This blog is an excerpt of an invited
journal article for a special issue of Japanese Psychological Review, that I am
currently one week overdue with (but that I hope to complete soon). I hope this
paper will raise the bar in the ongoing discussion about the value of
preregistration in psychological science. If you have any feedback on what I
wrote here, I would be very grateful to hear it, as it would allow me to improve
the paper I am working on. If we want to fruitfully discuss preregistration, researchers need to provide a clear conceptual definition of
preregistration, anchored in their philosophy of science.
For as long as data has been used to support
scientific claims, people have tried to selectively present data in line with
what they wish to be true. In his treatise ‘On the Decline of Science in
England: And on Some of its Cases’ Babbage (1830) discusses
what he calls cooking: “One of its numerous processes is to make
multitudes of observations, and out of these to select those only which agree
or very nearly agree. If a hundred observations are made, the cook must be very
unlucky if he can not pick out fifteen or twenty that will do up for serving.” In
the past researchers have proposed solutions to prevent bias in the literature.
With the rise of the internet it has become feasible to create online
registries that ask researchers to specify their research design and the
planned analyses. Scientific communities have started to make use of this
opportunity (for a historical overview, see Wiseman, Watt, & Kornbrot, 2019).

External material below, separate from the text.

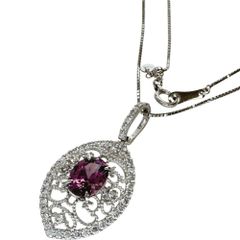 新品未使用 ピンクダイヤモンド ペンダント カラーダイヤ 0.134ct SI2 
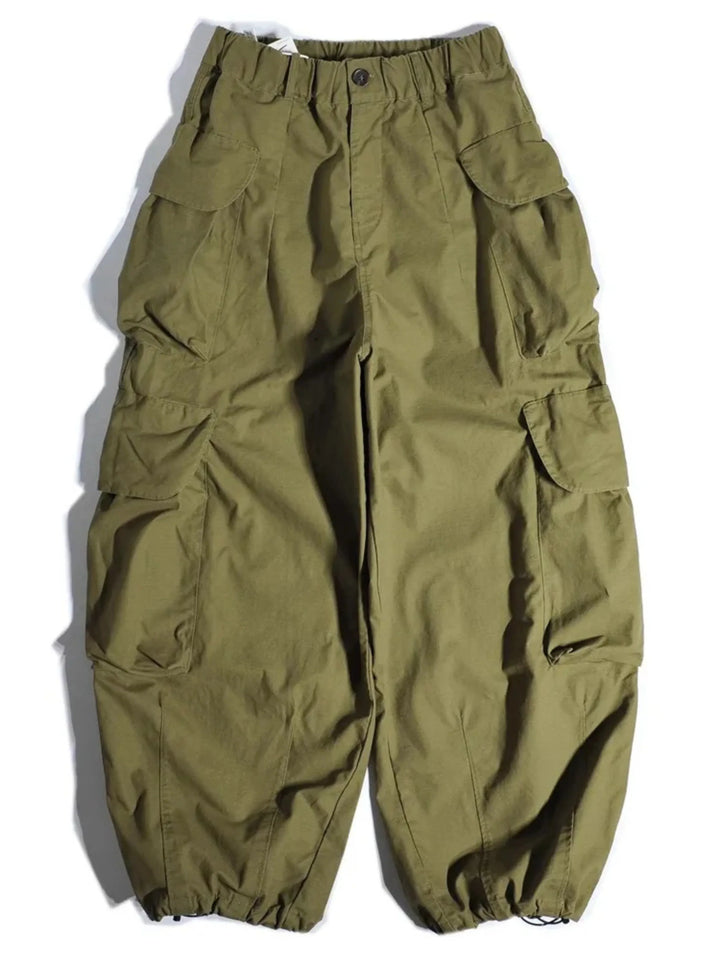 Damesparachutebroek met cargozakken | elastische taille en aangesnoerde enkels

Preregistration in psychology has been a
good example of ‘learning by doing’. Best practices are continuously updated as
we learn from practical challenges and early meta-scientific investigations
into how preregistrations are performed. At the same time, discussions have
emerged about what the goal of preregistration is, whether preregistration is
desirable, and what preregistration should look like across different research
areas. Every practice comes with costs and benefits, and it is useful to
evaluate whether and when preregistration is worth it. Finally, it is important
to evaluate how preregistration relates to different philosophies of science,
and when it facilitates or distracts from goals scientists might have. The
discussion about benefits and costs of preregistration has not been productive
up to now because there is a general lack of a conceptual analysis of what
preregistration entails and aims to accomplish, which leads to disagreements
that are easily resolved when a conceptual definition would be available. Any
conceptual definition about a tool that scientists use, such as
preregistration, must examine the goals it achieves, and thus requires a
clearly specified view on philosophy of science, which provides an analysis of
different goals scientists might have. Discussing preregistration without
discussing philosophy of science is a waste of time.

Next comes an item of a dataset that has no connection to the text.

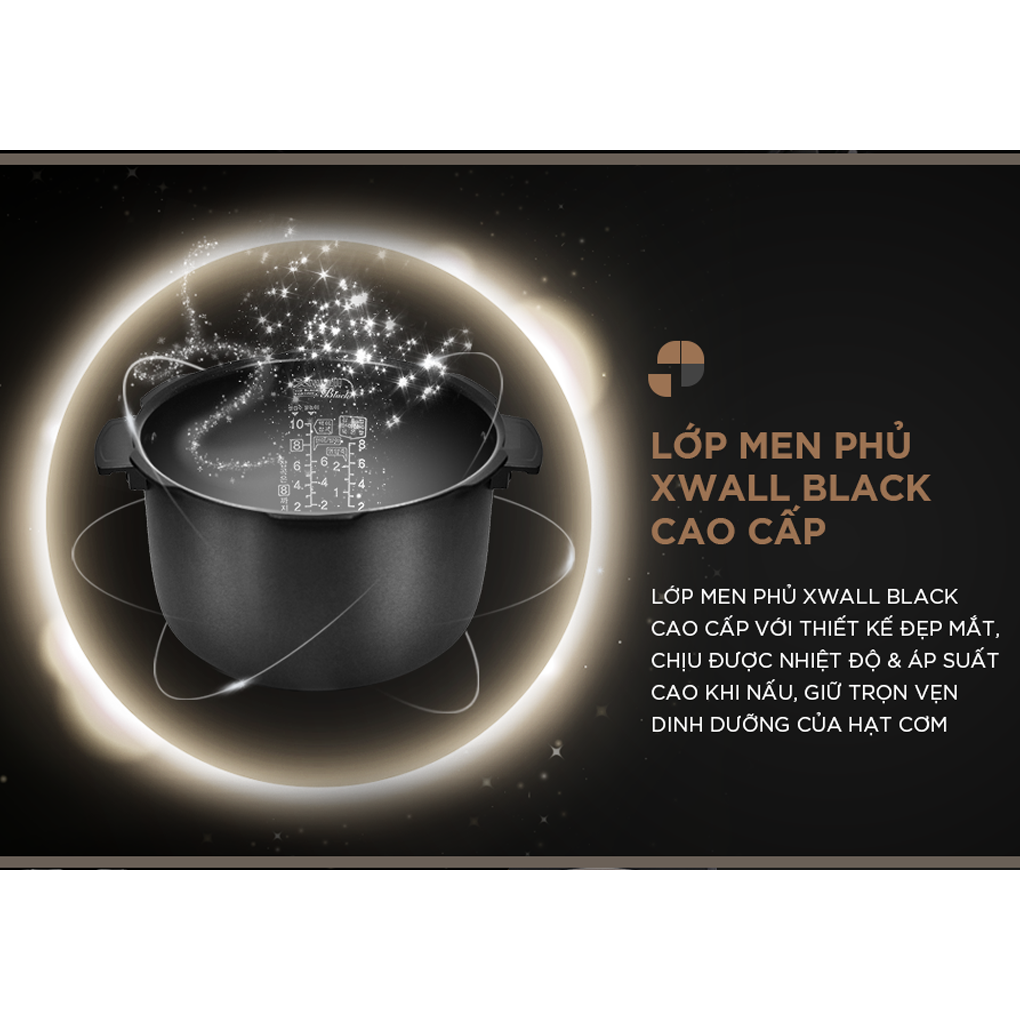 Nồi Cơm Điện Tử Áp Suất Cuckoo CRP-PWV1008F/BKDSCRVNCV 1.8 Lít 1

What is Preregistration For?
Preregistration has the goal to
transparently prevent bias due to selectively reporting analyses. Since bias in
estimates only occurs in relation to a true population parameter,
preregistration as discussed here is limited to scientific questions that
involve estimates of population values from samples. Researchers can have many
different goals when collecting data, perhaps most notably theory development,
as opposed to tests of statistical predictions derived from theories. When
testing predictions, researchers might want a specific analysis to yield a null
effect, for example to show that including a possible confound in an analysis
does not change their main results. More often perhaps, they want an analysis
to yield a statistically significant result, for example so that they can argue
the results support their prediction, based on a p-value below 0.05.
Both examples are sources of bias in the estimate of a population effect size.
In this paper I will assume researchers use frequentist statistics, but all
arguments can be generalized to Bayesian statistics (Gelman & Shalizi,
2013). When effect size estimates are biased, for example due to the desire to
obtain a statistically significant result, hypothesis tests performed on these
estimates have inflated Type 1 error rates, and when bias emerges due to the
desire to obtain a non-significant test result, hypothesis tests have reduced
statistical power. In line with the general tendency to weigh Type 1 error
rates (the probability of obtaining a statistically significant result when
there is no true effect) as more serious than Type 2 error rates (the
probability of obtaining a non-significant result when there is a true effect),
publications that discuss preregistration have been more concerned with
inflated Type 1 error rates than with low power. However, one can easily think of
situations where the latter is a bigger concern.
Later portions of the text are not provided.